[Opening SUPPLIED MATERIAL section]

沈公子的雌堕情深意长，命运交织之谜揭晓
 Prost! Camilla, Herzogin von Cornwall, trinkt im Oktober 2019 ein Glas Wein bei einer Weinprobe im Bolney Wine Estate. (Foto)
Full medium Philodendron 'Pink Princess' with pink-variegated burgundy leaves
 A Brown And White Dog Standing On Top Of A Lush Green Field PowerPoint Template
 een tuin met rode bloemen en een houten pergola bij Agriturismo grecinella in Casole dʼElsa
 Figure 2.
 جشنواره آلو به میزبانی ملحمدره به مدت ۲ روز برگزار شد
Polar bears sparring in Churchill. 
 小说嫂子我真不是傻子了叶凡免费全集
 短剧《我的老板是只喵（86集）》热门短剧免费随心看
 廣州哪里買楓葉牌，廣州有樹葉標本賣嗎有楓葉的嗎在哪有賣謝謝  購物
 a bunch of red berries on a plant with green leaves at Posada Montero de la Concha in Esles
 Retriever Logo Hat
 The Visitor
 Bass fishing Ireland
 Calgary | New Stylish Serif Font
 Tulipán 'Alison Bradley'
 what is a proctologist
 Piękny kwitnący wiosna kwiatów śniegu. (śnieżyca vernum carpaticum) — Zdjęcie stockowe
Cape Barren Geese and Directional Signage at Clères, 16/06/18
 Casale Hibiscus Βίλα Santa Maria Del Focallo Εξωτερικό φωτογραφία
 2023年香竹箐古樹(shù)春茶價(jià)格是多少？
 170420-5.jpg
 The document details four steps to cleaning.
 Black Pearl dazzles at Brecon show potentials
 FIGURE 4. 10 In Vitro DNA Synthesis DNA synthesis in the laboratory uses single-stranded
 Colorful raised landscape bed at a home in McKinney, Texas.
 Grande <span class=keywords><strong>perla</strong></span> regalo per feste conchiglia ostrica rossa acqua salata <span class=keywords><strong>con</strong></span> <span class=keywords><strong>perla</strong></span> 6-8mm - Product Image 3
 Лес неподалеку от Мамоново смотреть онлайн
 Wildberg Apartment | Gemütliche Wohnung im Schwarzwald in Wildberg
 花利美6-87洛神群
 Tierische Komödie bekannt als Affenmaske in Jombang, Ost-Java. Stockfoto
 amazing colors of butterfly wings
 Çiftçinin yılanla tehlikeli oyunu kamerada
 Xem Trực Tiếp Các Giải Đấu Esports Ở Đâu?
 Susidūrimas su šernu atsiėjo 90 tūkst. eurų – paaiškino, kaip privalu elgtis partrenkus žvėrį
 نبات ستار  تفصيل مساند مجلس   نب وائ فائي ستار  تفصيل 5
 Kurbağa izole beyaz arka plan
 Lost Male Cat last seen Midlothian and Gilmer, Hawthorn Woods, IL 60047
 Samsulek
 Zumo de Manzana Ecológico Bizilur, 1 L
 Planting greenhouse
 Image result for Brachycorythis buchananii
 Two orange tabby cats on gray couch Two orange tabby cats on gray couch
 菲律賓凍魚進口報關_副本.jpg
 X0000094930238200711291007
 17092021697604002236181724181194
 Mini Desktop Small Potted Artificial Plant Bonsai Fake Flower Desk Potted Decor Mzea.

[Closing SUPPLIED MATERIAL section]

## WORK TASK:
Among the entries above, find the line with "Full medium Philodendron" and the line with "Bass fishing Ireland"; give again exactly these two lines and all lines between them.

## SOLVED PROBLEM:
Full medium Philodendron 'Pink Princess' with pink-variegated burgundy leaves
 A Brown And White Dog Standing On Top Of A Lush Green Field PowerPoint Template
 een tuin met rode bloemen en een houten pergola bij Agriturismo grecinella in Casole dʼElsa
 Figure 2.
 جشنواره آلو به میزبانی ملحمدره به مدت ۲ روز برگزار شد
Polar bears sparring in Churchill. 
 小说嫂子我真不是傻子了叶凡免费全集
 短剧《我的老板是只喵（86集）》热门短剧免费随心看
 廣州哪里買楓葉牌，廣州有樹葉標本賣嗎有楓葉的嗎在哪有賣謝謝  購物
 a bunch of red berries on a plant with green leaves at Posada Montero de la Concha in Esles
 Retriever Logo Hat
 The Visitor
 Bass fishing Ireland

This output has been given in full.